War das ein Krimi! Zum Glück mit gutem Ausgang. Die SG Flensburg-Handewitt hat mit einem 28:24 (14:12) gegen den RK Zagreb das Viertelfinale erreicht. Damit hatte die SG das 23:25 aus dem Hinspiel bereinigt. „Gegen Lemgo haben wir spielerisch überzeugt, heute kämpferisch“, meinte ein erleichtert wirkender Thorsten Storm. „Nun hoffe ich, dass dieses Spiel nicht allzu viel Substanz gekostet hat.“
Die Worte des Geschäftsführers verrieten, weshalb in der Campushalle nicht der pure Freudentaumel ausbrach. So ging Co-Trainer Bogdan Wenta mit sorgenvoller Miene in die Katakomben. „Teurer Sieg“, ging ihm leise über die Lippe. Eine Nachfrage bei Mannschaftsarzt Dr. Hauke Mommsen brachte die Gewissheit. Während Joachim Boldsen einen Kapselriss im Sprunggelenk erlitten hatte, erwischte es Michael V. Knudsen ganz böse. Nasenbeinbruch, drei abgebrochene Zähne, Platzwunden am Auge! „Es war so schön“, haderte SG-Trainer Kent-Harry Andersson, „in dieser Woche mit dem vollen Kader trainieren zu können – und nun das.“
Bestätigt fühlte sich der Coach aber bei der Einschätzung dieser Partie. „Viele meinten vorher, Zagreb würden wir mit acht oder zehn Toren schlagen“, erzählte er und ergänzte wie ein triumphierender „Wettkönig“: „Ich wusste, dass es sehr schwer werden würde.“ Denn die 3:2:1-Abwehr der Zagreber stach erneut. Vor allem der Auftakt war für die SG sehr holprig. Die Nervosität war spürbar. Beim 4:5 (9.) brachte selbst eine doppelte Überzahl nichts ein. Vielmehr bauten Lars Christiansen und Sören Stryger mit ihren verworfenen Siebenmetern den slowenischen Nationalkeeper Beno Lapajne zum „Helden des ersten Durchgangs“ auf. Kaum wieder in voller Besetzung erhöhten die Kroaten gar auf 7:4.
Kent-Harry Andersson betätigte die „Notbremse“. Team-Timeout! „Wir müssen mehr Geduld haben“, appellierte er an seine Jungs. Und die gehorchten ihm aufs Wort.
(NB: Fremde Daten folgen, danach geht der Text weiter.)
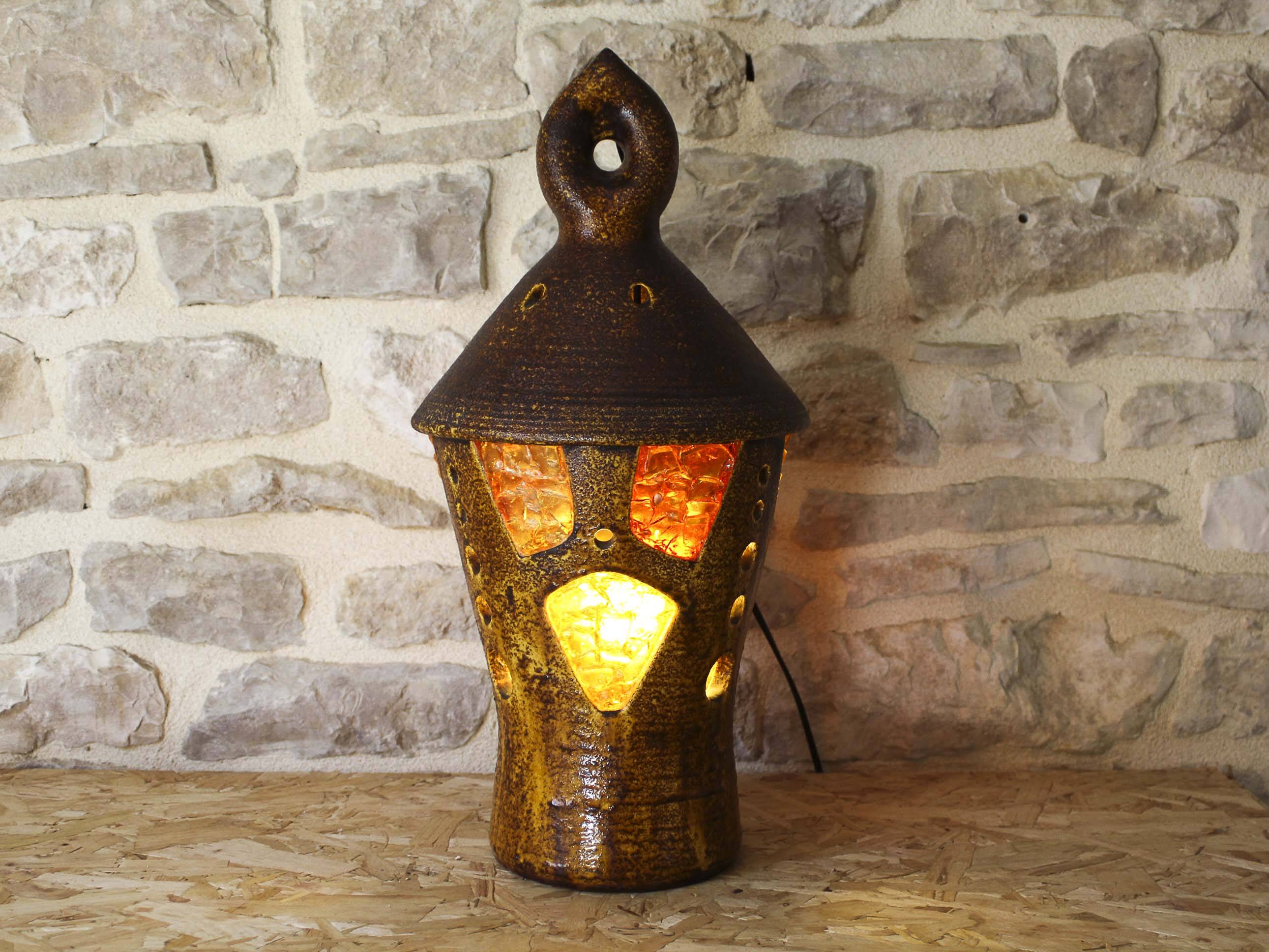 Accolay ceramic and resin pendant light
Besonders Kapitän Sören Stryger brachte sein Team in dieser Phase zurück ins Match. Drei Tore in vier Minuten und dann ein tolles Anspiel auf Blazenko Lackovic, der mit einem Kempa zum 9:8 abschloss. Nach 20 Minuten – Marcin Lijewski erhöhte auf 10:8 – stand die SG rechnerisch erstmals im Viertelfinale.
In der intensiv geführten Partie war das aber kein Ruhepolster. Selbst das klare 22:16 (44.) erwies sich nicht als Vorentscheidung. Zagreb gab nie auf. „Die Moral stimmte in meiner Mannschaft“, sagte RK-Trainer Lino Cervar, der in seiner ersten Enttäuschung der Pressekonferenz fernblieb. „Wir hatten mehr verdient, die taktische Umsetzung war noch besser als zu Hause.“ Es reichte aber „nur“, um der Campushalle Angst und Schrecken einzujagen. Beim 21:23 (50.) hatten die Kroaten wieder Blut geleckt, beim 23:25 (55.) herrschte völliger Gleichstand. In der „Hölle Nord“ knisterte es vor Spannung. Einen solchen Krimi hatte man lange nicht mehr gesehen.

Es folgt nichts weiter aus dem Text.